=== Section Start ===
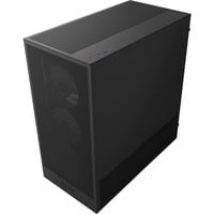 H5 Flow RGB ( 2024 ) , Tower-Gehäuse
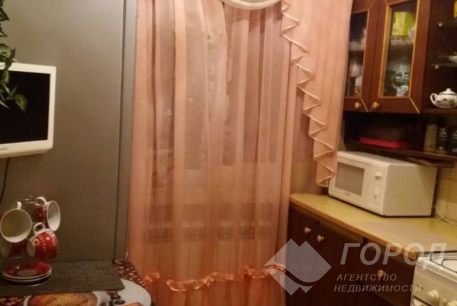 Продам 2-х кімнатну квартиру, Салтовка, Код: 768052/4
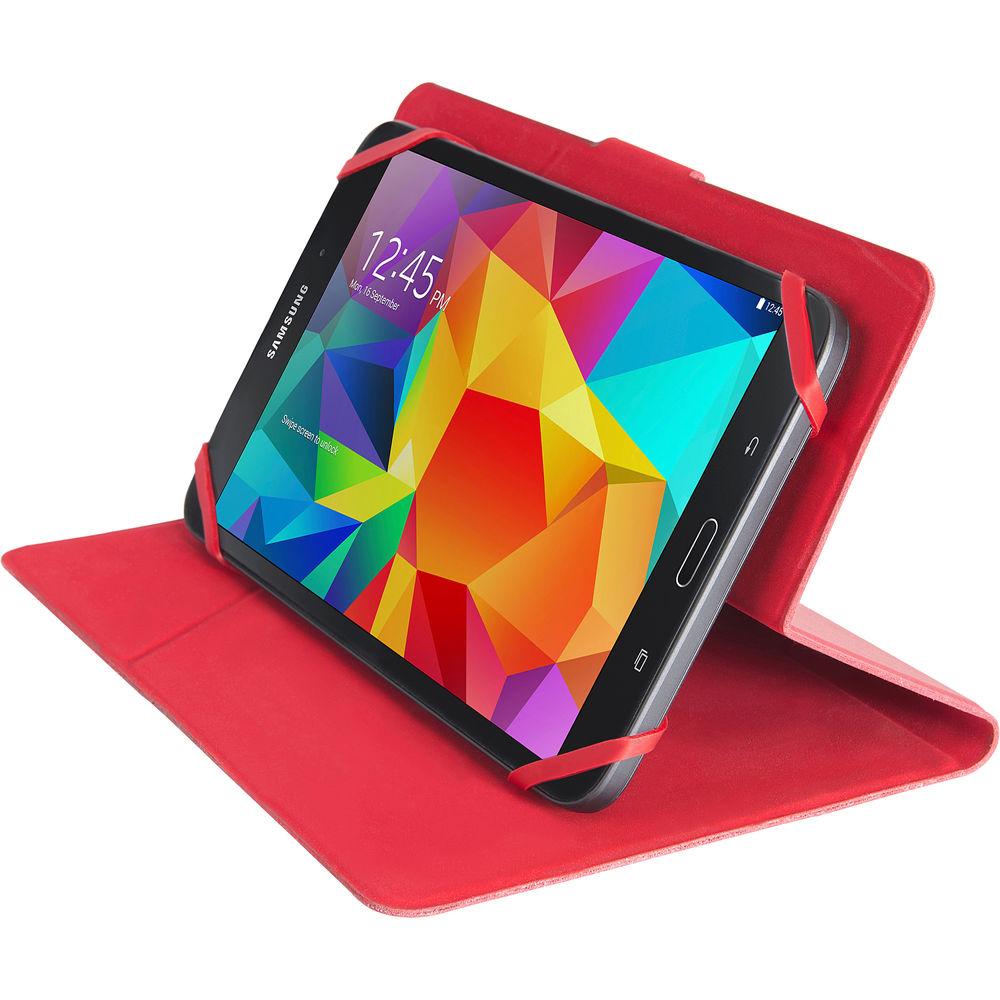 Tucano Piega Small Universal Case for 7" Tablets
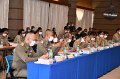 20220207-GraduationCeremonyMeeting-139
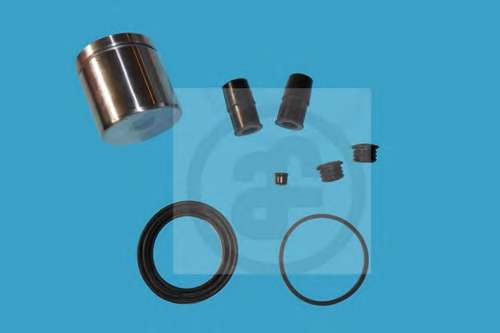 Ремкомплект, тормозной суппорт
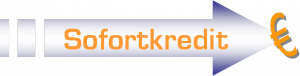 sofortkredit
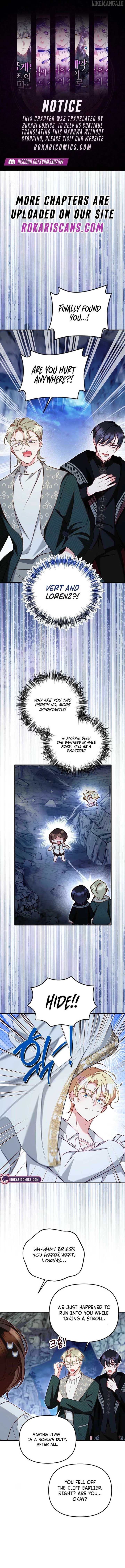 Page https://readmanhwaverse.com/images/protect-the-fake-saint/chapter-12/ch_12_1.jpg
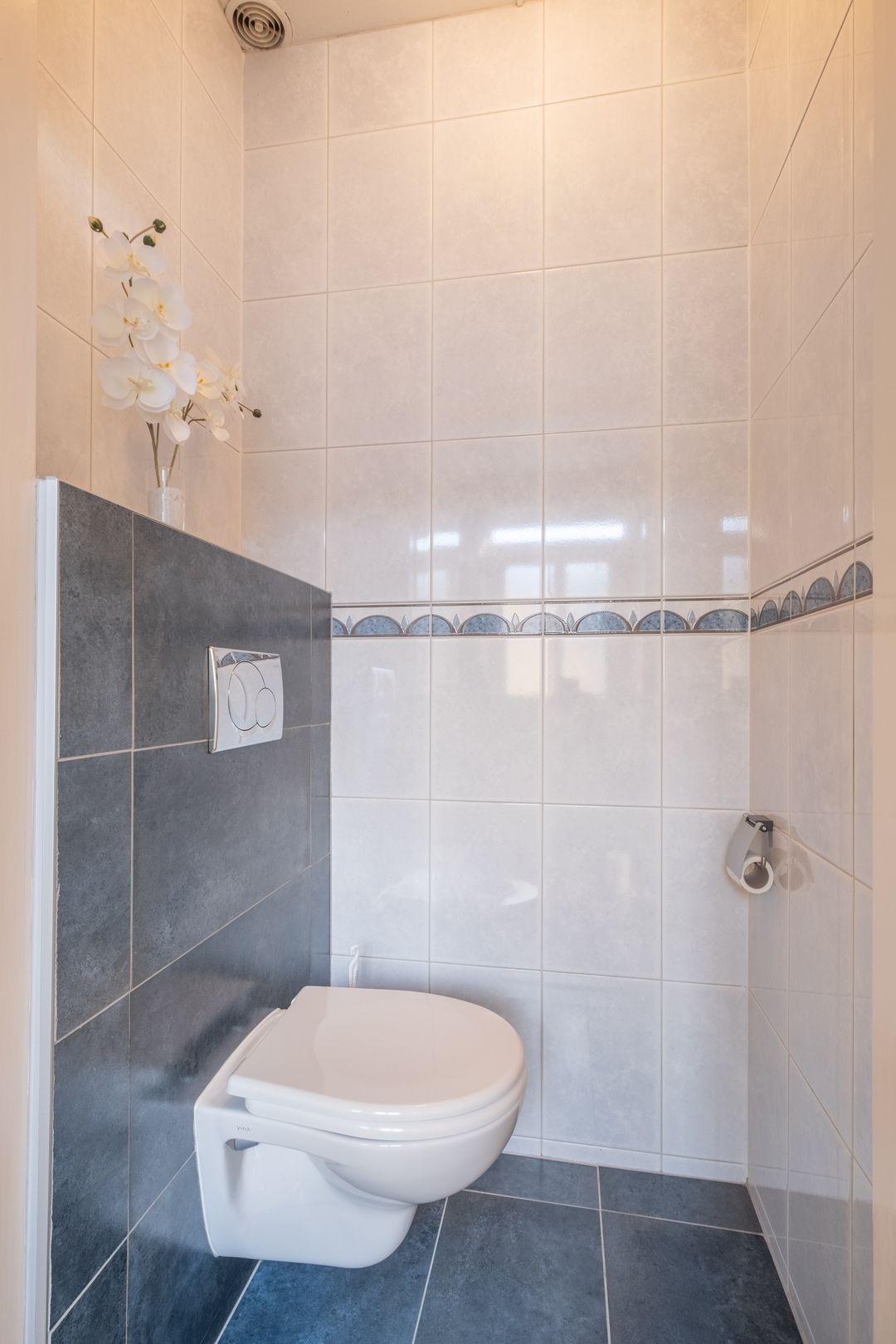 Photo 13 of Simke Kloostermanstrjitte 70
=== Section End ===
Your instructions:
The result should be a precise copy of all the entries, free of pictures.

Task output:
 H5 Flow RGB ( 2024 ) , Tower-Gehäuse
 Продам 2-х кімнатну квартиру, Салтовка, Код: 768052/4
 Tucano Piega Small Universal Case for 7" Tablets
 20220207-GraduationCeremonyMeeting-139
 Ремкомплект, тормозной суппорт
 sofortkredit
 Page https://readmanhwaverse.com/images/protect-the-fake-saint/chapter-12/ch_12_1.jpg
 Photo 13 of Simke Kloostermanstrjitte 70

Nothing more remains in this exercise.